#### ACTIVITY
No pictures, nothing altered: return the data below.

#### PROVIDED INFORMATION
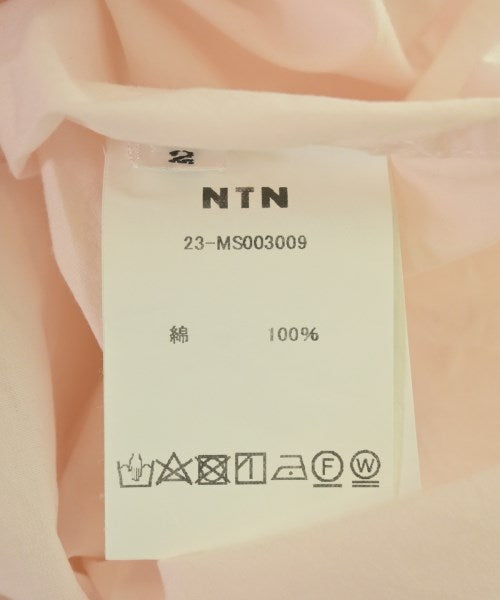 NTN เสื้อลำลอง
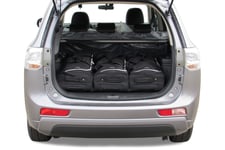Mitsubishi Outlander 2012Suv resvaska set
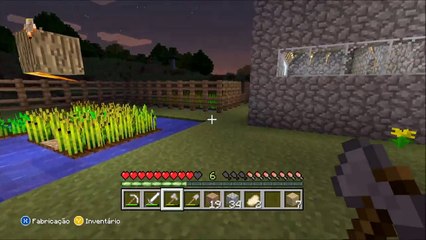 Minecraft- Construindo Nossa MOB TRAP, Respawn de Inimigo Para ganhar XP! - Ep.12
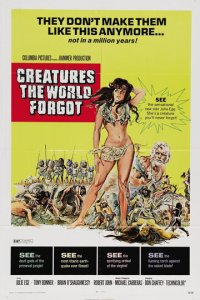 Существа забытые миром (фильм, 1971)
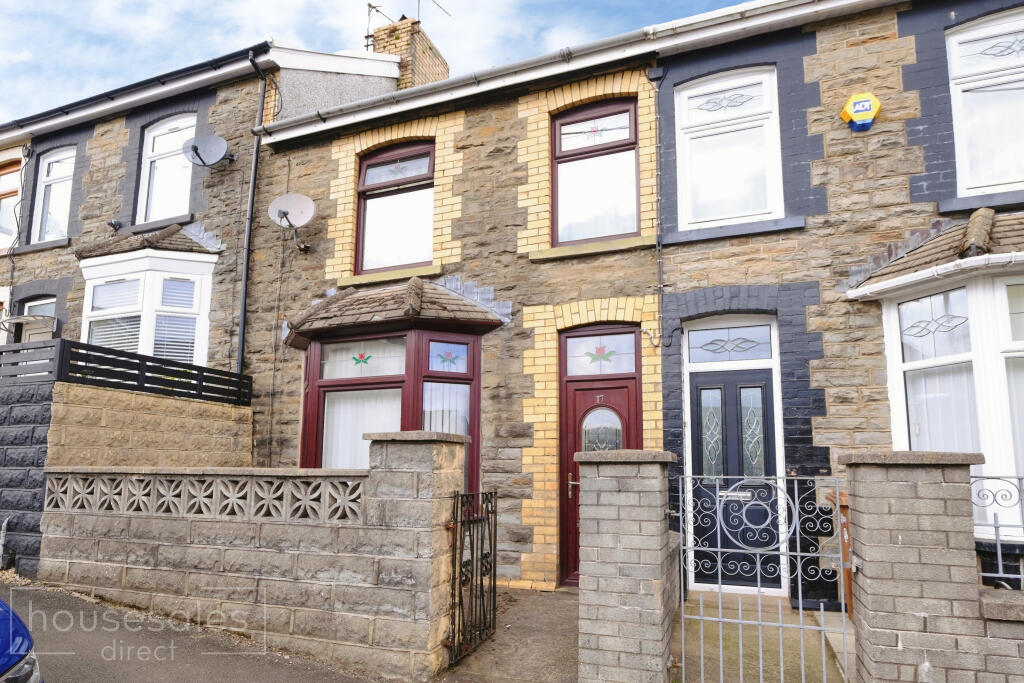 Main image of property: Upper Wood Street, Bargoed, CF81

#### TASK ANSWER
 NTN เสื้อลำลอง
Mitsubishi Outlander 2012Suv resvaska set
 Minecraft- Construindo Nossa MOB TRAP, Respawn de Inimigo Para ganhar XP! - Ep.12
 Существа забытые миром (фильм, 1971)
 Main image of property: Upper Wood Street, Bargoed, CF81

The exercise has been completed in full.